I have a small code to look whats the argv's
#include <iostream>
using namespace std;
int main(int argc, char** argv){
cout << "===================" << endl;
cout << "argc: " << argc << endl << endl;
cout << "argv[0]: " << argv[0] << endl << endl;
cout << "argv[1]: " << argv[1] << endl << endl;
//cout << "argv[2]: " << argv[2] << endl << endl; //Program crash
cout << "===================" << endl;
return 0;
}
When I start the program with no parameters:
argc is 1
argv[0] is the execution path
argv[1] should be out of range and the program should crash, but the program terminates like I write return.
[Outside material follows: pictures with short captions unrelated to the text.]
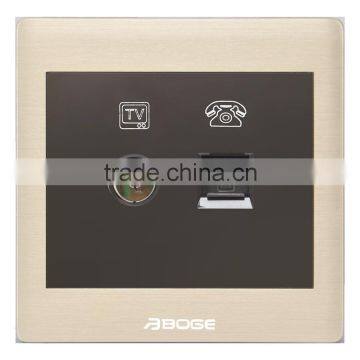 one gang television socket and one gang telephone socket pressure- line type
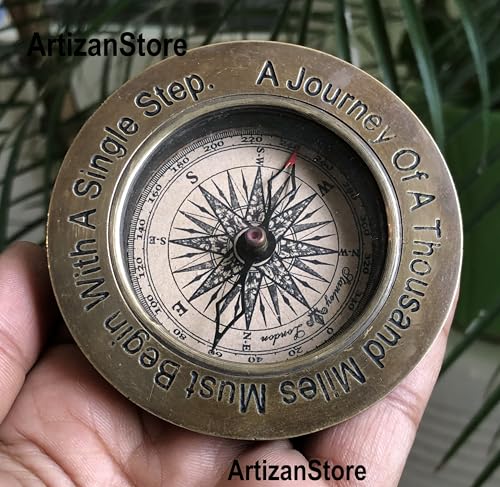 Brújula de Bolsillo Vintage en Latón con Estuche de Cuero miniatura 6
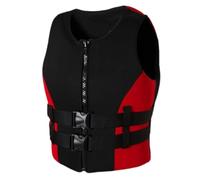 Unisexe Portable Veste de Kayak en Néoprène Nylon Haute Flottabilité pour Navigation Natation Canoë Loisirs Aquatiques(Red,3XL)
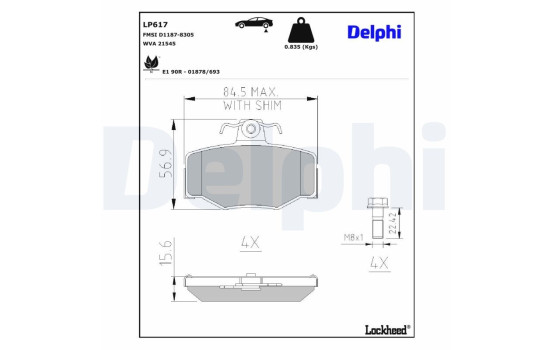 Brake Pad Set, disc brake LP617 Delphi, Image 3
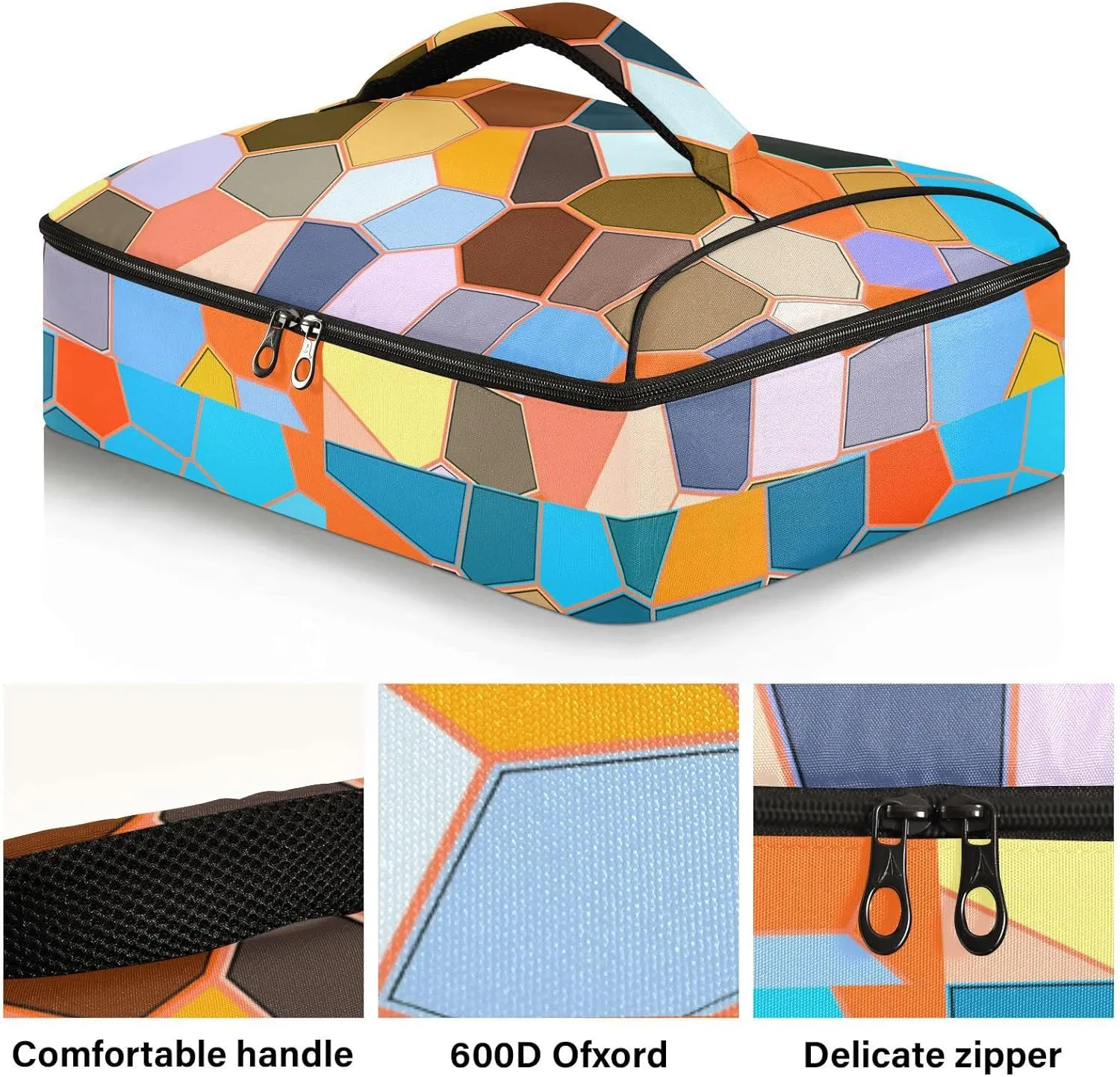 Modern Mosaic Abstract Geometric Texture Backdrop Textiles Insulated Casserole Dish Carrier Bag 9x13 with Lid, Warmer Portable Tote for Hot or Cold Food Picnic Party Potluck Beach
If I check the errorlevel it is 9009
If I try to access argv[2] the program crashs as expected
(When I start the program with one parameter everything works fine)
Why it doesn't crash like argv[2] when I access argv[1]?
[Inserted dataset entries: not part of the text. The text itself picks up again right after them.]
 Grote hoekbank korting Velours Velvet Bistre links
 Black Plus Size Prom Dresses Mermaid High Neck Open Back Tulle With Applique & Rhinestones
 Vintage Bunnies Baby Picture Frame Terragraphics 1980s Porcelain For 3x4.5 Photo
And for what stand errorlevel 9009?
Thanks in advance
It doesn't crash because argv is defined as a null terminated array. The last element is argv[argc], that always holds a null pointer. You aren't accessing out of bounds for the array.
But...
You pass a null pointer value to std::ostream's operator<< for c-strings. That is undefined in and of itself, so your program isn't exactly well behaved in this case either.
... and the program should crash.
No, no, no!
The whole point of undefined behaviour is that it's, well, undefined.
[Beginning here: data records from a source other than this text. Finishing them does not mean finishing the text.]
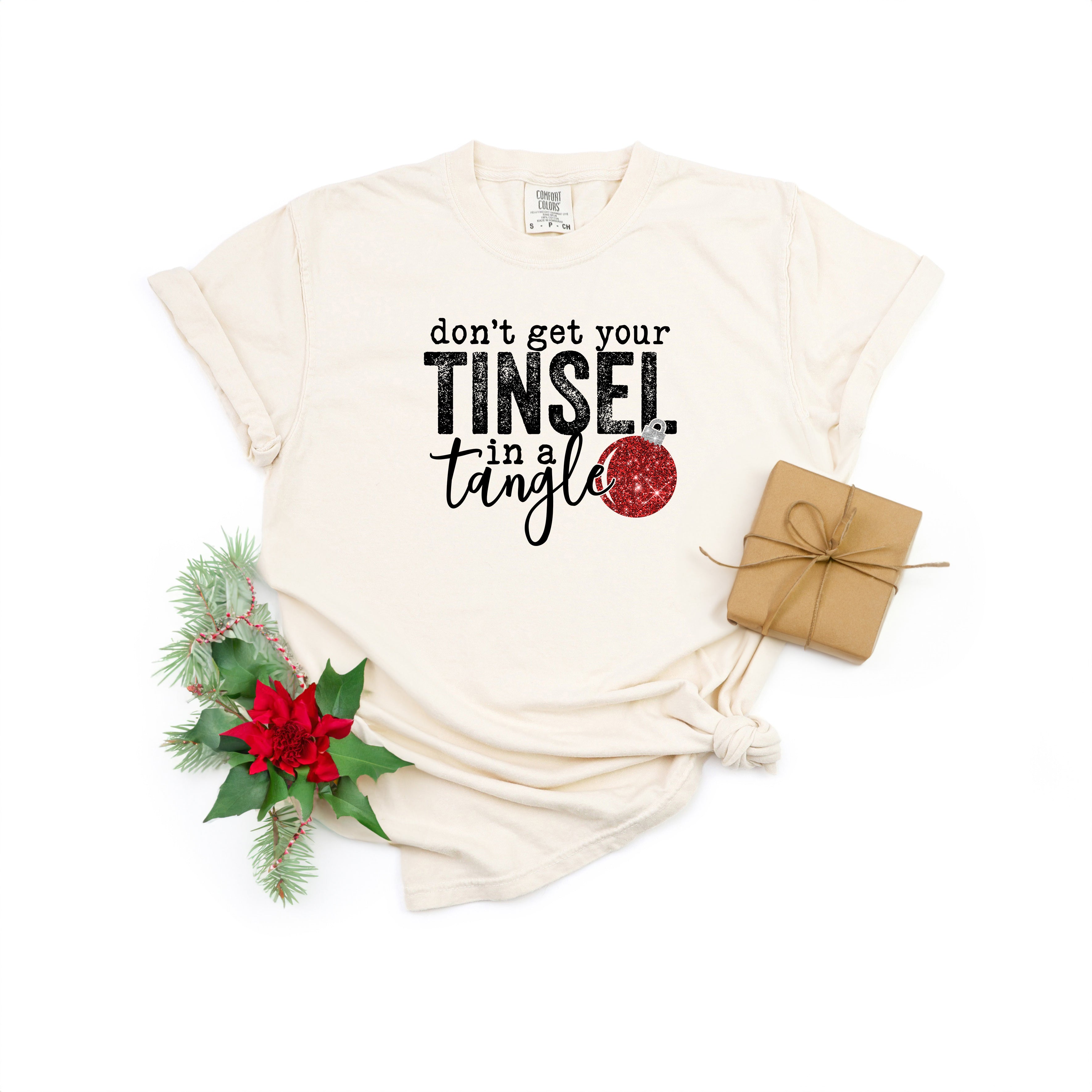 Tinsel In A Tangle Bulb | Garment Dyed Tee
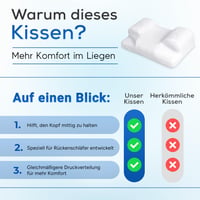RelaxSleep Premium jastuk za spavanje na leđima - ergonomski jastuk za vrat i jastuk od memorijske pjene za stabilan položaj na leđima, protiv bora, nakon transplantacije kose, operacije nosa i grudi 8
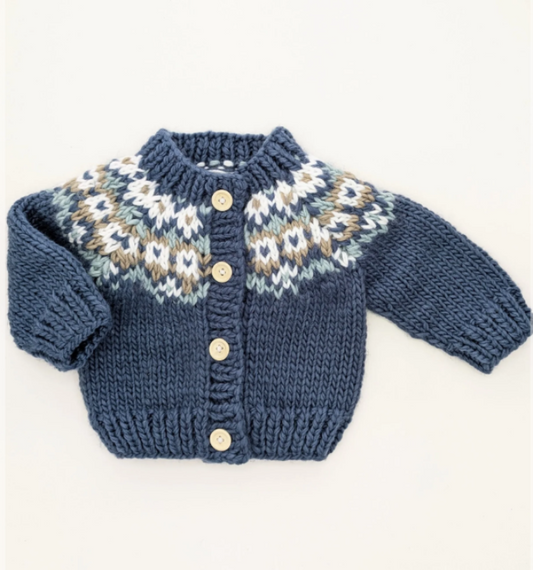 Fairisle Slate Cardigan Sweater - BLU
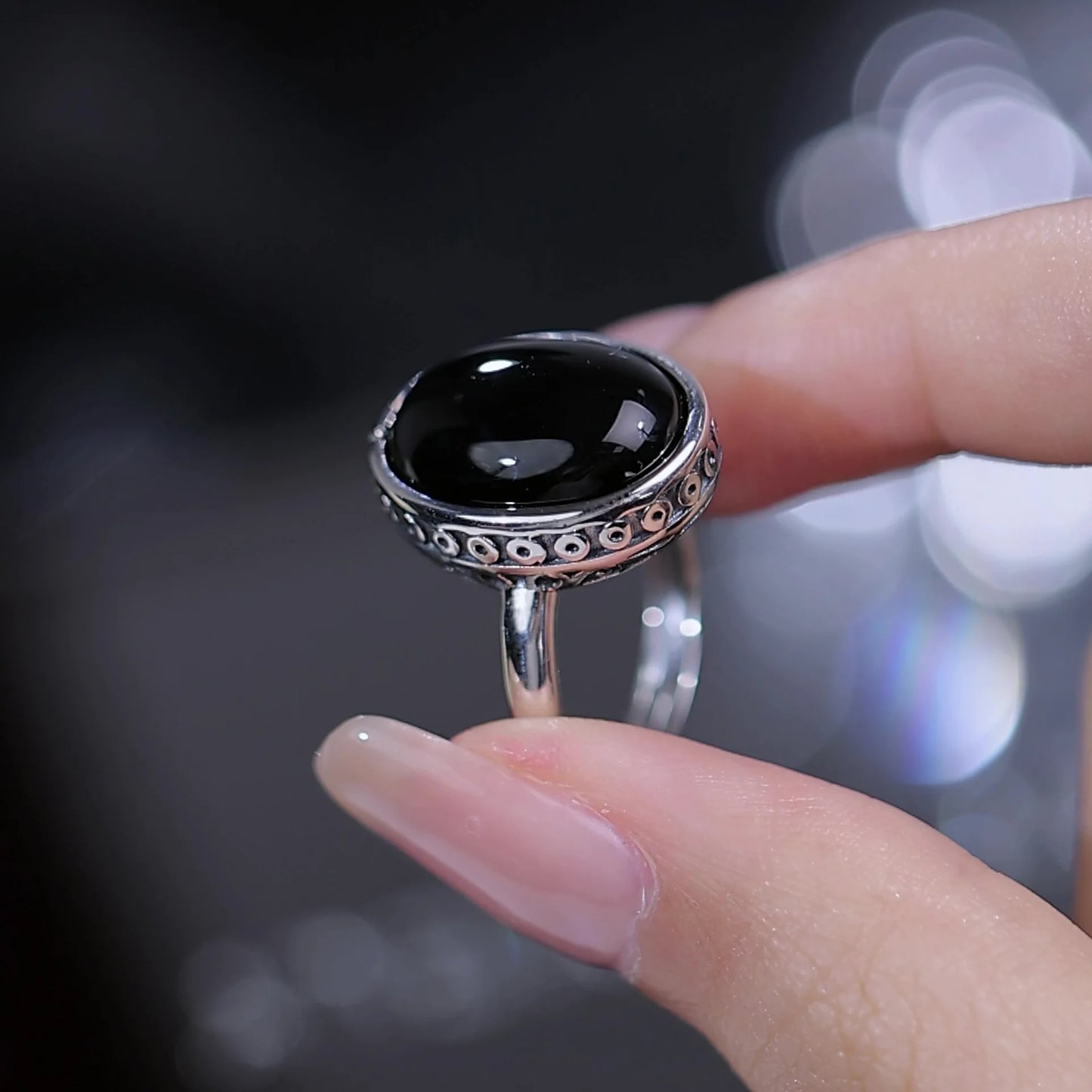 S925 Sterling Silver Woman Rings with Onyx Black Gemstone Vintage Luxury Adjustable Fine Jewelry Rings for Women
Literally anything is allowed to happen when you dereference a null pointer (which argv[argc] is required to be, and ostream::operator<< will try to dereference it) including, and this is the most insidious aspect of UB, it working as expected sometimes, or it failing with a frankly bizarre return code :-)
But, bottom line, if you break the contract with the standard, all bets are off. Don't do it.